The line x = 8 is the directrix of the ellipse $\mathrm{E}:\frac{{\mathrm{x}}^2}{{\mathrm{a}}^2}+\frac{{\mathrm{y}}^2}{{\mathrm{b}}^2}=1$ with the corresponding focus (2, 0).
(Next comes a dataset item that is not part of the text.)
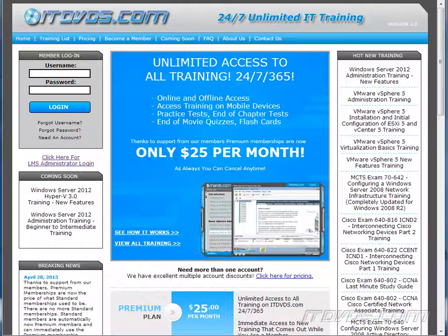This is just a sample of the training available at ITDVDs.com. To see complete training, please go to ITDVDs.com. Let's begin the sample.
If the tangent to E at the point P in the first quadrant passes through the point $(0,4\sqrt{3})$and intersects the x -axis at Q, then $(3\mathrm{PQ}{)}^2$is equal to _____

$\mathrm{E}\equiv \frac{{\mathrm{x}}^2}{{\mathrm{a}}^2}+\frac{{\mathrm{y}}^2}{{\mathrm{b}}^2}=1 .....\left(1\right)$
Directrix of E : is x = 8 and focus S (2, 0) = (ae, 0)
$\Rightarrow \mathrm{x}=\frac{\mathrm{a}}{\mathrm{e}}=8\dots ..\left(2\right)\mathrm{\&}\mathrm{ae}=2 ....\left(3\right)$
$\begin{array}{r}\text{ (2) }\mathrm{\&}\left(3\right)8{\mathrm{e}}^2=2\\ \Rightarrow \mathrm{e}=1/2,\mathrm{a}=4\end{array}$
$\begin{array}{l}\therefore {\mathrm{b}}^2={\mathrm{a}}^2\left(1-{\mathrm{e}}^2\right)={\mathrm{a}}^2-{\mathrm{a}}^2{\mathrm{e}}^2\\ \Rightarrow {\mathrm{b}}^2=16-4\\ \Rightarrow {\mathrm{b}}^2=12\\ \therefore \mathrm{E}\equiv \frac{{\mathrm{x}}^2}{16}+\frac{{\mathrm{y}}^2}{12}=1\end{array}$

Equation of tangent of $\mathrm{P}\left({\mathrm{x}}_1,{\mathrm{y}}_1\right)\text{ to }\mathrm{E}=0\text{, is }{\mathrm{S}}_1=0$
$\text{ i.e }\frac{{\mathrm{xx}}_1}{16}+\frac{{\mathrm{yy}}_1}{12}=1$
passing through the point $\begin{array}{r}(0,4\sqrt{3}),\text{ so }\frac{{\mathrm{y}}_1\left(4\sqrt{3}\right)}{12}=1\\ \Rightarrow {\mathrm{y}}_1=\sqrt{3}\end{array}$
So point on $\frac{{\mathrm{x}}_1^2}{16}+\frac{{\mathrm{y}}_1^2}{12}=1$
So equation of tangent at $\mathrm{P}(2\sqrt{3},\sqrt{3})\text{ of }\mathrm{E}=0,{\mathrm{S}}_1=0$
i.e.,  $3\mathrm{x}+2\mathrm{y}=8\sqrt{3}$ interest x-axis at $\mathrm{Q}\left(\frac{8}{\sqrt{3}},0\right) \therefore {\mathrm{PQ}}^2=\frac{13}{3}$
$(3\mathrm{PQ}{)}^2=9(\mathrm{PQ}{)}^2=9\left(\frac{13}{3}\right)=39$